The Central Board of Direct Taxes (CBDT) is worried about the impact of the Goods and Services Tax on the advance tax collections. It has asked Income Tax officers to regularly engage with top 100 tax payers in each range and understand their difficulties in paying the taxes, sources in the IT department said.
At a recent conference of CBDT members and IT Commissioners, solutions were discussed to enhance advance tax and overall revenue collections. Advance tax is paid in instalments every quarter by the assessees and September 15 is the due date for the second instalment. However, the GST rollout has been a major disruptor in the market impacting revenues.
Sources said in the past engagement with top tax payers was sporadic, but now CBDT has asked for a continuous engagement so that the problems of top tax payers could be understood and they could be motivated to pay their taxes. The CBDT has even asked the IT Commissioners to send photographs of such meetings to the respective heads in CBDT as a proof of the meetings conducted by the officers.
IT Commissioners have also been asked to sharpen their focus on those individuals and companies, who have deposited cash in the banks under the demonetisation drive but have not replied to the notices and e-mails sent by the IT Department. If demand notices are not answered by such tax payers then prosecution procedures would be launched against them, sources said.

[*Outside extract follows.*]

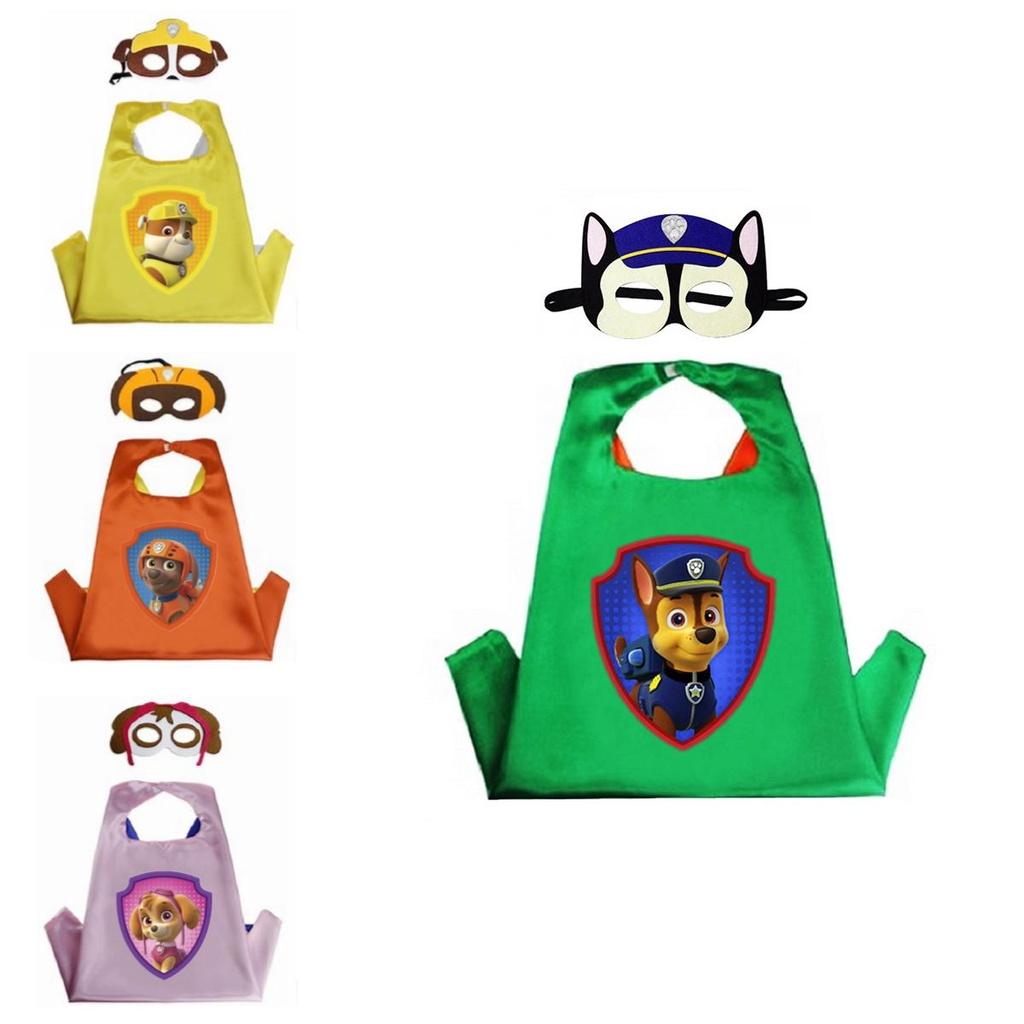 Привлекательный плащ и маска Щенячий патруль, костюм для косплея для детских маскарадных вечеринок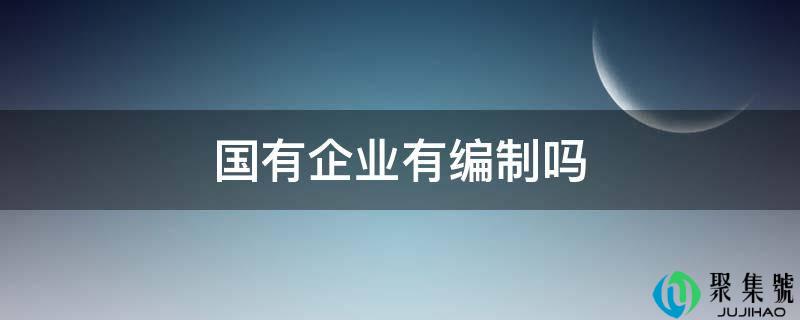 详细阅读:国有企业有体例吗 国有企业有体例吗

Dispose of casesFor enhancing the revenues, CBDT has also asked the IT officers to give priority to dispose of 10-year-old cases where the tax payers have challenged the tax assessment and have appealed against it with various appeal authorities. In cases where the tax payers are not traceable, the CBDT has asked the officers to push for prosecution. In a number of cases, the assessees simply vanish from their last known addresses and tax recovery becomes impossible. Only when the prosecution process gets launched with the help of State Police, the assessees, out of fear of law, surface, sources added.